E come dimenticare il vitello tonnato? La versione originale prevede fette di carne bovina lessata e cosparsa di una salsa a base di tonno, acciughe, maionese e capperi. Per prepararlo al meglio, vi consigliamo il magatello, taglio di carne magra dalla coscia del vitello. Ricordate che la salsa non dovrebbe contenere maionese, se non in minima parte. I puristi tagliano la fetta di carne a coltello e un po’ spessa, senza usare l’affettatrice e dosano alla perfezione la quantità di salsa, in modo che sia in perfetta armonia con la quantità di carne. Qui trovate la ricetta originale del vitello tonnato.

Il vitello tonnato di Ugo Alciati - credit: Annalisa Cavaleri

Una versione gourmet che non si scorda di questa ricetta è quella dello stellato Ugo Alciati, che offre la tradizione con un impiattamento che valorizza la "purezza" degli ingredienti. Alciati, infatti, nel suo ristorante Guido a Fontanafredda, presenta le fette cotte alla perfezione, "piegate" sulla salsa tonnata (che quindi non è invadente, ma "esplode" a sorpresa in bocca senza coprire il sapore del vitello). 

Buona in tutte le stagioni e un must della cucina lombarda è la cotoletta alla milanese, che potete provare sia nella versione originale che in quella rivisitata, "firmata" dal Grande Maestro Gualtiero Marchesi. La ricetta è qui ed è rigorosamente con l'osso. 

Non solo parti pregiate, perché il vitello dà il meglio di sè anche nelle parti meno "nobili". Basti pensare alla ricetta delle cervella fritte che riporta alle tradizioni antiche.
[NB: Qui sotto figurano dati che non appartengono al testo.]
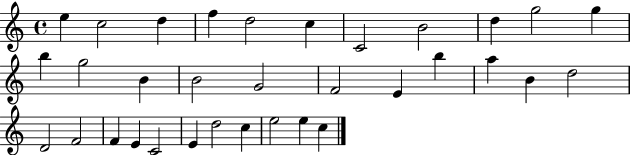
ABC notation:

X:1
T:Untitled
M:4/4
L:1/4
K:C
e c2 d f d2 c C2 B2 d g2 g b g2 B B2 G2 F2 E b a B d2 D2 F2 F E C2 E d2 c e2 e c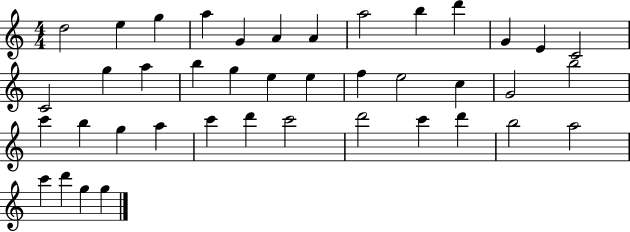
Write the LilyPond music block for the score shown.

{
  \clef treble
  \numericTimeSignature
  \time 4/4
  \key c \major
  d''2 e''4 g''4 | a''4 g'4 a'4 a'4 | a''2 b''4 d'''4 | g'4 e'4 c'2 | \break c'2 g''4 a''4 | b''4 g''4 e''4 e''4 | f''4 e''2 c''4 | g'2 b''2 | \break c'''4 b''4 g''4 a''4 | c'''4 d'''4 c'''2 | d'''2 c'''4 d'''4 | b''2 a''2 | \break c'''4 d'''4 g''4 g''4 | \bar "|."
}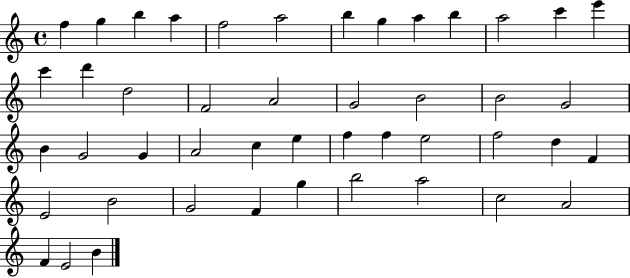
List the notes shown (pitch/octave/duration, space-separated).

F5/q G5/q B5/q A5/q F5/h A5/h B5/q G5/q A5/q B5/q A5/h C6/q E6/q C6/q D6/q D5/h F4/h A4/h G4/h B4/h B4/h G4/h B4/q G4/h G4/q A4/h C5/q E5/q F5/q F5/q E5/h F5/h D5/q F4/q E4/h B4/h G4/h F4/q G5/q B5/h A5/h C5/h A4/h F4/q E4/h B4/q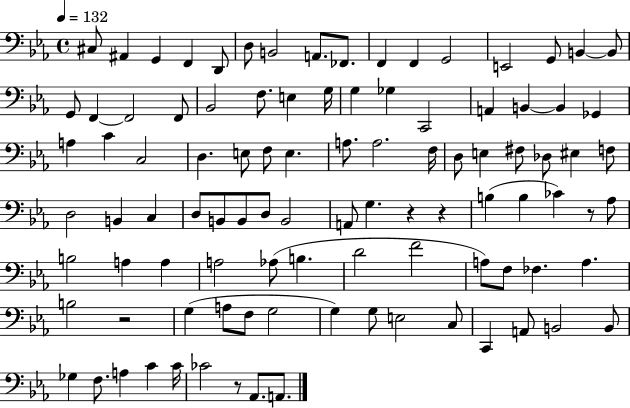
C#3/e A#2/q G2/q F2/q D2/e D3/e B2/h A2/e. FES2/e. F2/q F2/q G2/h E2/h G2/e B2/q B2/e G2/e F2/q F2/h F2/e Bb2/h F3/e. E3/q G3/s G3/q Gb3/q C2/h A2/q B2/q B2/q Gb2/q A3/q C4/q C3/h D3/q. E3/e F3/e E3/q. A3/e. A3/h. F3/s D3/e E3/q F#3/e Db3/e EIS3/q F3/e D3/h B2/q C3/q D3/e B2/e B2/e D3/e B2/h A2/e G3/q. R/q R/q B3/q B3/q CES4/q R/e Ab3/e B3/h A3/q A3/q A3/h Ab3/e B3/q. D4/h F4/h A3/e F3/e FES3/q. A3/q. B3/h R/h G3/q A3/e F3/e G3/h G3/q G3/e E3/h C3/e C2/q A2/e B2/h B2/e Gb3/q F3/e. A3/q C4/q C4/s CES4/h R/e Ab2/e. A2/e.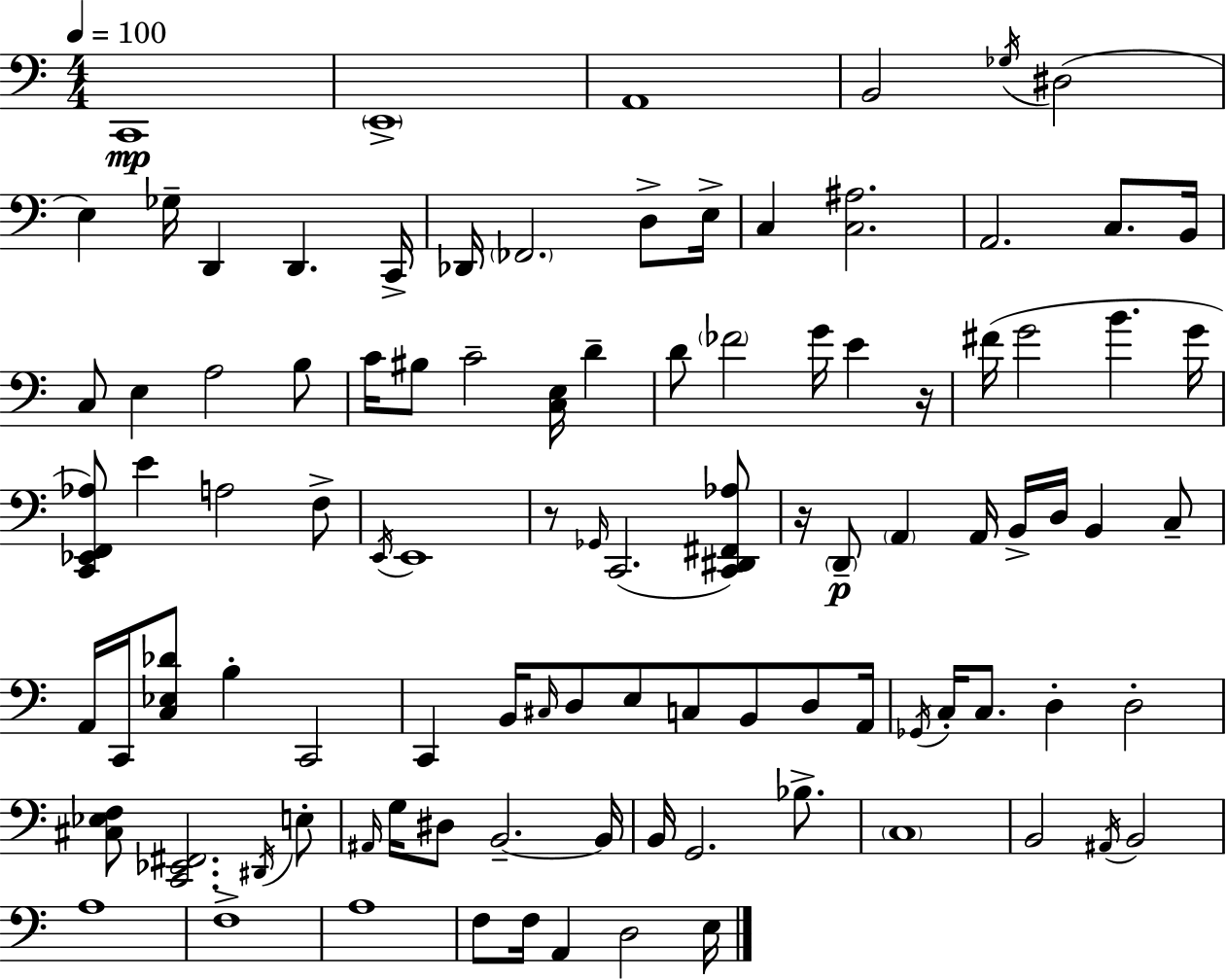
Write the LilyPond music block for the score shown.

{
  \clef bass
  \numericTimeSignature
  \time 4/4
  \key c \major
  \tempo 4 = 100
  c,1\mp | \parenthesize e,1-> | a,1 | b,2 \acciaccatura { ges16 }( dis2 | \break e4) ges16-- d,4 d,4. | c,16-> des,16 \parenthesize fes,2. d8-> | e16-> c4 <c ais>2. | a,2. c8. | \break b,16 c8 e4 a2 b8 | c'16 bis8 c'2-- <c e>16 d'4-- | d'8 \parenthesize fes'2 g'16 e'4 | r16 fis'16( g'2 b'4. | \break g'16 <c, ees, f, aes>8) e'4 a2 f8-> | \acciaccatura { e,16 } e,1 | r8 \grace { ges,16 }( c,2. | <c, dis, fis, aes>8) r16 \parenthesize d,8--\p \parenthesize a,4 a,16 b,16-> d16 b,4 | \break c8-- a,16 c,16 <c ees des'>8 b4-. c,2 | c,4 b,16 \grace { cis16 } d8 e8 c8 b,8 | d8 a,16 \acciaccatura { ges,16 } c16-. c8. d4-. d2-. | <cis ees f>8 <c, ees, fis,>2. | \break \acciaccatura { dis,16 } e8-. \grace { ais,16 } g16 dis8 b,2.--~~ | b,16 b,16 g,2. | bes8.-> \parenthesize c1 | b,2 \acciaccatura { ais,16 } | \break b,2 a1 | f1-> | a1 | f8 f16 a,4 d2 | \break e16 \bar "|."
}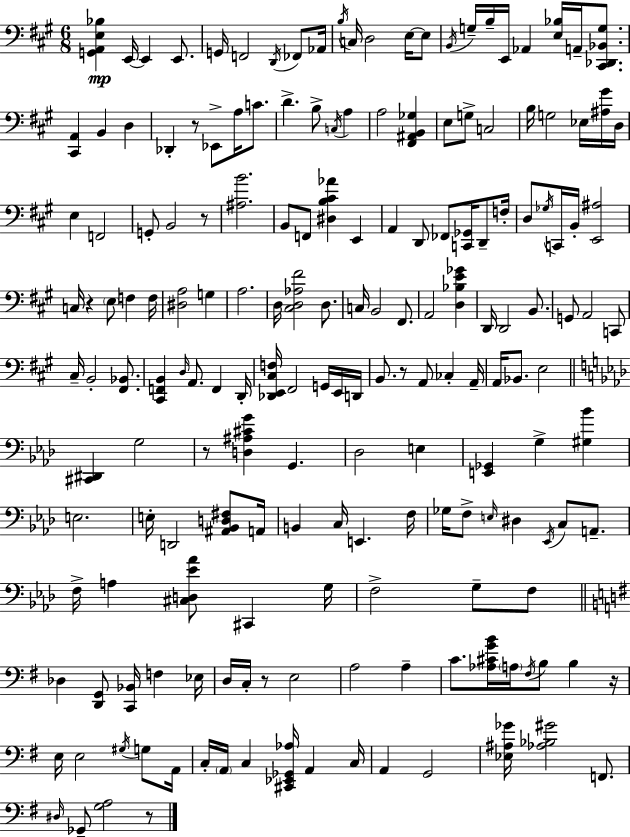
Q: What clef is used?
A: bass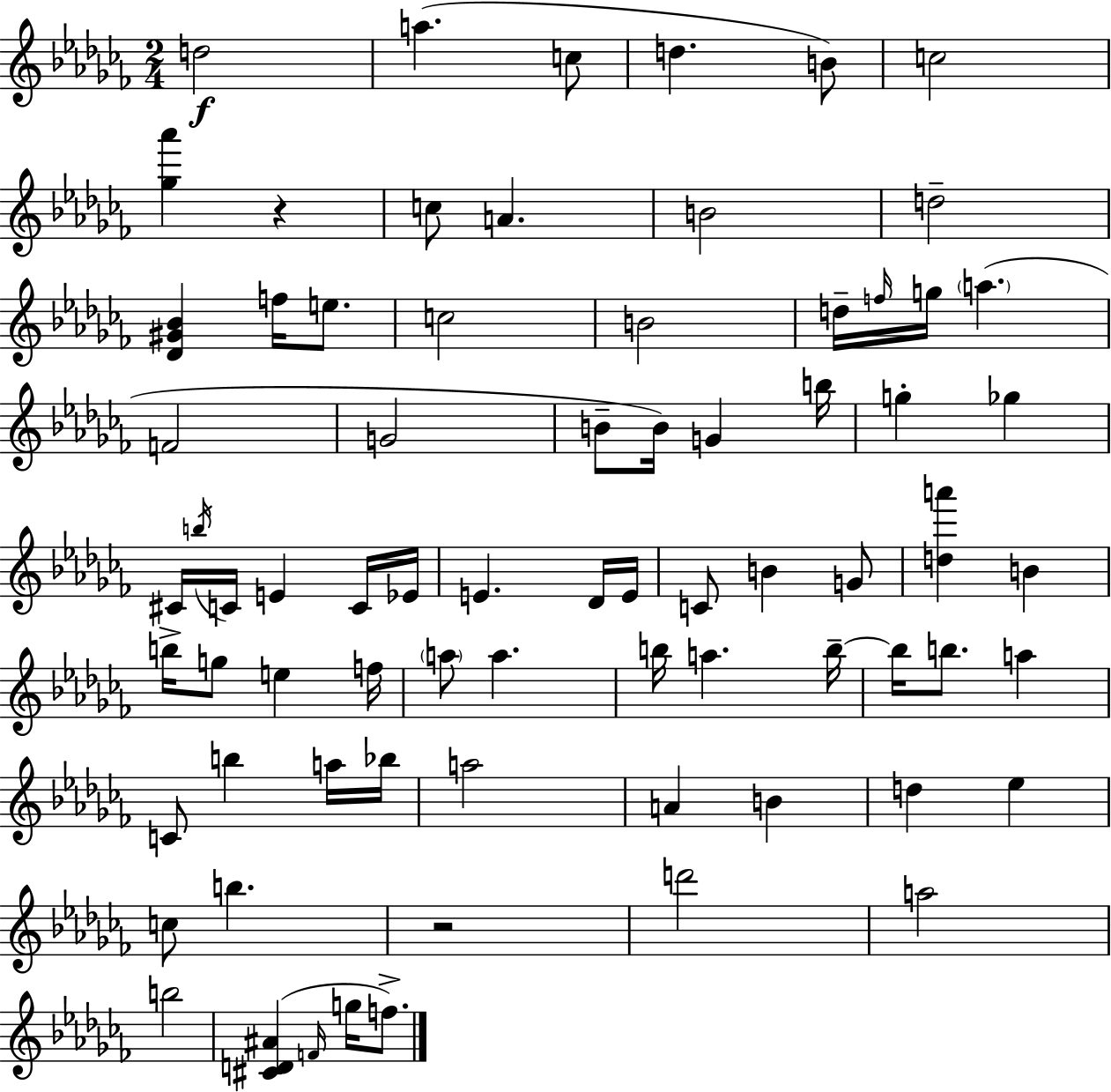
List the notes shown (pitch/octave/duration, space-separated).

D5/h A5/q. C5/e D5/q. B4/e C5/h [Gb5,Ab6]/q R/q C5/e A4/q. B4/h D5/h [Db4,G#4,Bb4]/q F5/s E5/e. C5/h B4/h D5/s F5/s G5/s A5/q. F4/h G4/h B4/e B4/s G4/q B5/s G5/q Gb5/q C#4/s B5/s C4/s E4/q C4/s Eb4/s E4/q. Db4/s E4/s C4/e B4/q G4/e [D5,A6]/q B4/q B5/s G5/e E5/q F5/s A5/e A5/q. B5/s A5/q. B5/s B5/s B5/e. A5/q C4/e B5/q A5/s Bb5/s A5/h A4/q B4/q D5/q Eb5/q C5/e B5/q. R/h D6/h A5/h B5/h [C#4,D4,A#4]/q F4/s G5/s F5/e.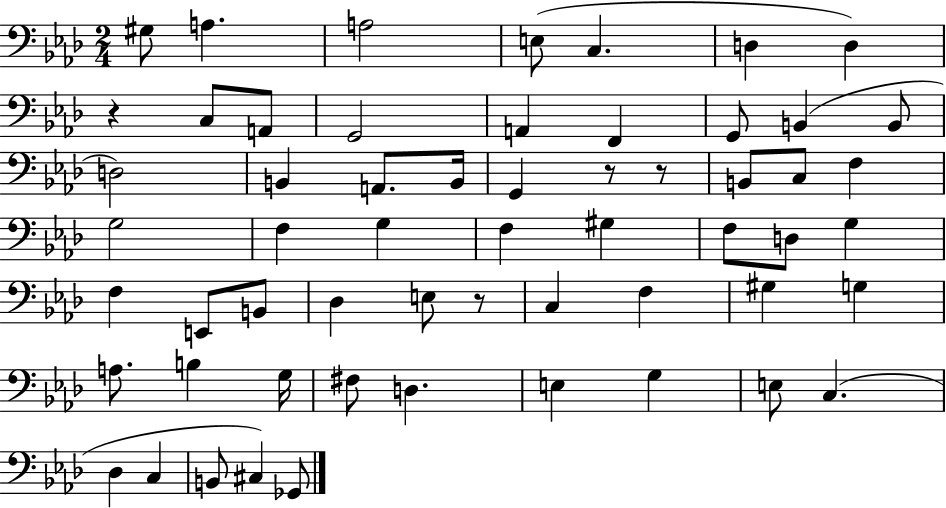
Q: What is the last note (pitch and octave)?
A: Gb2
Il grande classico della cucina del Nord Italia si prepara lavando e tamponando le cervella, passandole prima nell’uovo sbattuto e poi nel pangrattato.Si friggono e si servono ben calde, accompagante da puntarelle o giardiniera, per creare un contrasto freddo/caldo e stemperare con l’acidità il fritto.

Cercate una ricetta originale dal gusto etnico? Provate il Curry verde thai di vitello con avocado, che unisce il vitello alla dolcezza del latte di cocco, all'aromaticità del basilico e al tocco acidulo del lime.